Between the Omicron surge and the holiday season, long lines at COVID testing sites have become the norm. Increasingly, Americans are turning to another option: at-home rapid tests bought in stores or online. However, the Federal Trade Commission (FTC) is now warning of a dangerous new scam that could put your health in jeopardy: fake at-home COVID test kits.
“Using these fake products isn’t just a waste of money, it increases your risk of unknowingly spreading COVID-19 or not getting the appropriate treatment,” says the organization. The good news? There are simple steps you can take to safeguard yourself from being scammed. Read on to find out which four things you should always do before buying a COVID test, according to experts at the FTC.
1 Make sure the test is FDA authorized.
The first tip from the FTC is perhaps the most important for your health and safety: Make sure the product you’re buying has been authorized by the FDA. To find out whether it has been, you can search the FDA’s lists of antigen diagnostic tests and molecular diagnostic tests for the name of the test you’re considering.
Though they may be hard to get your hands on, there are hundreds of approved brands. The FDA has authorized more than 420 types of COVID tests, including more than 300 diagnostic and 90 serology tests as of Nov. 15, 2021, the organization reports.
The FDA stresses that buying an approved test is crucial to your personal health—and also has broader implications. “In the context of a public health emergency involving pandemic infectious disease, it is critically important that tests are validated because false results not only can negatively impact the individual patient but also can have a broad public health impact,” says the FDA’s revised “Policy for Coronavirus Disease 2019.” “False positive results for diagnostic tests, for example, can lead to unnecessary quarantine, wasted contact tracing and testing resources, and delay in accurate diagnosis and appropriate treatment for the individual. False negative results can lead to lack of appropriate treatment for the individual and further spread of the disease,” the agency warns.
2 Search the seller’s name online.
The FTC’s second recommendation can and should be applied to just about any purchase you make with an online seller you’re unfamiliar with, so do a little research before you buy.

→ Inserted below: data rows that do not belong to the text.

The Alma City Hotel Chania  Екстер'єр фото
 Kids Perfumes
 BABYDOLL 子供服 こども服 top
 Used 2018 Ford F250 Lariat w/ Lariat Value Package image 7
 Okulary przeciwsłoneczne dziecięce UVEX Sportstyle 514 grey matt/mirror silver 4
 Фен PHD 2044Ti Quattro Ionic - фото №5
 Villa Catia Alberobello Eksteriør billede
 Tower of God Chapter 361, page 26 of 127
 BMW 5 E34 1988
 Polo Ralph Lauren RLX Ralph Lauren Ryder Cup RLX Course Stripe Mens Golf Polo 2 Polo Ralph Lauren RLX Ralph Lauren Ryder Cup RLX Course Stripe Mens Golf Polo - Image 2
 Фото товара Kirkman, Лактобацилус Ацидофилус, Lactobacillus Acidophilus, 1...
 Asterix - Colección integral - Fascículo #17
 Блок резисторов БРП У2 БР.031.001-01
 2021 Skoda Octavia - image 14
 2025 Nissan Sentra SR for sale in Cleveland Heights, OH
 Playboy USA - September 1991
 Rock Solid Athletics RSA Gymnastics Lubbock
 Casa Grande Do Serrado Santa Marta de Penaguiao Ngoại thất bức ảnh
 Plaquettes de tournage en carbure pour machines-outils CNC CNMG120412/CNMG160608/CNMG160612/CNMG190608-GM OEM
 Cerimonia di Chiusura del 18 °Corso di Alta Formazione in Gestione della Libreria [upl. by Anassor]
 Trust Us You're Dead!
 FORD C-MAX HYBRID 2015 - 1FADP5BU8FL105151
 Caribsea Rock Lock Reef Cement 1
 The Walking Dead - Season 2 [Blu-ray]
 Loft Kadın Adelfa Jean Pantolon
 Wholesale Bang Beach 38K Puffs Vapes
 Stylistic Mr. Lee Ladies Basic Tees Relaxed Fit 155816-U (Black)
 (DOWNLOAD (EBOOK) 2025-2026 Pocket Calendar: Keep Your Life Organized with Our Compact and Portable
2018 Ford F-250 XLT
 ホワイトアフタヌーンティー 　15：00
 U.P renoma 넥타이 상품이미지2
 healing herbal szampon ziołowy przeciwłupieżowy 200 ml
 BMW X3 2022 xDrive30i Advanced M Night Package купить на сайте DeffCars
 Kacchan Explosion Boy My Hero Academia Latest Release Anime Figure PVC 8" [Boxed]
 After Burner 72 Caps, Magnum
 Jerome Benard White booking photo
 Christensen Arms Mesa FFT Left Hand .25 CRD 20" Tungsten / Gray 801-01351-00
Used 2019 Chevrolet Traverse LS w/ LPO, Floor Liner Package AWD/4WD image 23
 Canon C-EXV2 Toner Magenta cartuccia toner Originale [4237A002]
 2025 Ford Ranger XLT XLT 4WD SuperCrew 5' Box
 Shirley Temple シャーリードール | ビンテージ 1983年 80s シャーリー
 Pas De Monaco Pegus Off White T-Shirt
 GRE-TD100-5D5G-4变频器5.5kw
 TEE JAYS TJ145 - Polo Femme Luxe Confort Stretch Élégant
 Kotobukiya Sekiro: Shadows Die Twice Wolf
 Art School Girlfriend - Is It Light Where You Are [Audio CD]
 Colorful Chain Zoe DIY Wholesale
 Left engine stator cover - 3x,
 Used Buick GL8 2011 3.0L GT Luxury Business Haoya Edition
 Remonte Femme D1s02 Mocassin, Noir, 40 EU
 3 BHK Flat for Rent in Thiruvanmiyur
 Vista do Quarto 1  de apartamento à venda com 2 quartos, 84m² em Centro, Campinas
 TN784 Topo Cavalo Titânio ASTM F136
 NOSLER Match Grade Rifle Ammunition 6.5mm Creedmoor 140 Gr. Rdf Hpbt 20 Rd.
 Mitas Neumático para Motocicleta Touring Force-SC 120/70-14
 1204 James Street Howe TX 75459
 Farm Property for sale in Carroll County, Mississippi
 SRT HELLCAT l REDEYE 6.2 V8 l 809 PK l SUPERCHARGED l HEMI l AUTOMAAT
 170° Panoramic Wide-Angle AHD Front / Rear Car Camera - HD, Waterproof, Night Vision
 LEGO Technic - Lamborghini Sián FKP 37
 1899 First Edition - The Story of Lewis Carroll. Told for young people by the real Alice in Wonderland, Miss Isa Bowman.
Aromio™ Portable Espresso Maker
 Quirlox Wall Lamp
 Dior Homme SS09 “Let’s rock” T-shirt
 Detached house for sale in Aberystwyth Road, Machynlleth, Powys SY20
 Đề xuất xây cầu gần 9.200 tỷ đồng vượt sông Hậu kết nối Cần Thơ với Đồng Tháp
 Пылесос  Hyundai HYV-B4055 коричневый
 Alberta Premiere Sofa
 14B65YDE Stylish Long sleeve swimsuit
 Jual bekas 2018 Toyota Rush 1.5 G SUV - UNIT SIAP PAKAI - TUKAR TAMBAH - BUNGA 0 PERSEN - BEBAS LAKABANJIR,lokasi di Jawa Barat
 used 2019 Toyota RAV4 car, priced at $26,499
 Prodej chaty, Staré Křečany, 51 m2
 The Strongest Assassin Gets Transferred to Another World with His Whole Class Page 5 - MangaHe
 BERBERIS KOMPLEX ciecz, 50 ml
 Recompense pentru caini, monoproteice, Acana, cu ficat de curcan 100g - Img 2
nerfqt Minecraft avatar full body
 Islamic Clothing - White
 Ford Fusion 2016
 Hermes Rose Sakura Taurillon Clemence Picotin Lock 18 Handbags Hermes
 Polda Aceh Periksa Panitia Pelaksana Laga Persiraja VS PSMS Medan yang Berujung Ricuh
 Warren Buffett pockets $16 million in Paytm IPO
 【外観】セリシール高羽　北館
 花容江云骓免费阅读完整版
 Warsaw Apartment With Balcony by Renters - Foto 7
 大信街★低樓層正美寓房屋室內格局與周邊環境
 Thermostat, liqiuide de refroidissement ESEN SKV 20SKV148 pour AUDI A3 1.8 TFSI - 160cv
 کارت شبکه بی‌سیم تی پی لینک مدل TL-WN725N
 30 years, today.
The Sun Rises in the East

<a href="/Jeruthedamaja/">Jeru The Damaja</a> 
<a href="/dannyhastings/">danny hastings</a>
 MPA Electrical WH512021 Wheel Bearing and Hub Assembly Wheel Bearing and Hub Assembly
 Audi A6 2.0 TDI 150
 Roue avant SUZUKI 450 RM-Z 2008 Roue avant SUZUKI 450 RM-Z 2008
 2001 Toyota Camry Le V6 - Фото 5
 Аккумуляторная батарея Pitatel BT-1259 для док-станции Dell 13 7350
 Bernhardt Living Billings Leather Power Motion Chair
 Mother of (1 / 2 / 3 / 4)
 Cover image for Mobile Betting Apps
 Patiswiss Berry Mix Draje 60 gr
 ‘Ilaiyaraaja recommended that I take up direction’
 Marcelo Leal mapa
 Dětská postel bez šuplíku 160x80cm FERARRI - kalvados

By searching the company or seller’s name plus words like “scam,” “complaint,” or “review,” you may be able to quickly determine whether past buyers have encountered a problem with their purchases, the government organization suggests. Even if you’re going through large, well-known distribution sites such as Amazon to make your purchase, this is still considered a best practice—especially when it comes to something as important as a COVID test.
3 Compare online reviews—and look for red flags.
Next, you’ll want to compare online reviews from a range of COVID test suppliers, per the FTC. “You can get a good idea about a company, product, or service from reading user reviews on various retail or shopping comparison sites,” the agency notes.
That said, it’s important to interpret reviews with a healthy dose of skepticism. “Think about the source of the review,” says the FTC, noting that many reviews can be fake—either written by the sellers themselves or bought. “Ask yourself: Where is this review coming from? Is it from an expert organization or individual customers?”
One way to identify sellers with fraudulent reviews is to sort them by date if possible. If you notice many positive reviews posted around the same date, the odds of a scam are higher.
4 Pay by credit card.
Finally, be sure to pay for your purchase by credit card—ideally one that makes disputing a charge easy. That way, you have some channel for recourse if you never receive your order, or if the product is not as advertised, says the FTC.
It’s also worth noting that the IRS counts at-home COVID tests as eligible medical expenses for tax purposes. This means they “can be paid or reimbursed under health flexible spending arrangements (health FSAs), health savings accounts (HSAs), health reimbursement arrangements (HRAs), or Archer medical savings accounts,” the agency wrote in a news release posted in Sept. 2021. Masks, hand sanitizer, sanitizing wipes, and personal protective equipment also qualify for reimbursement under these plans.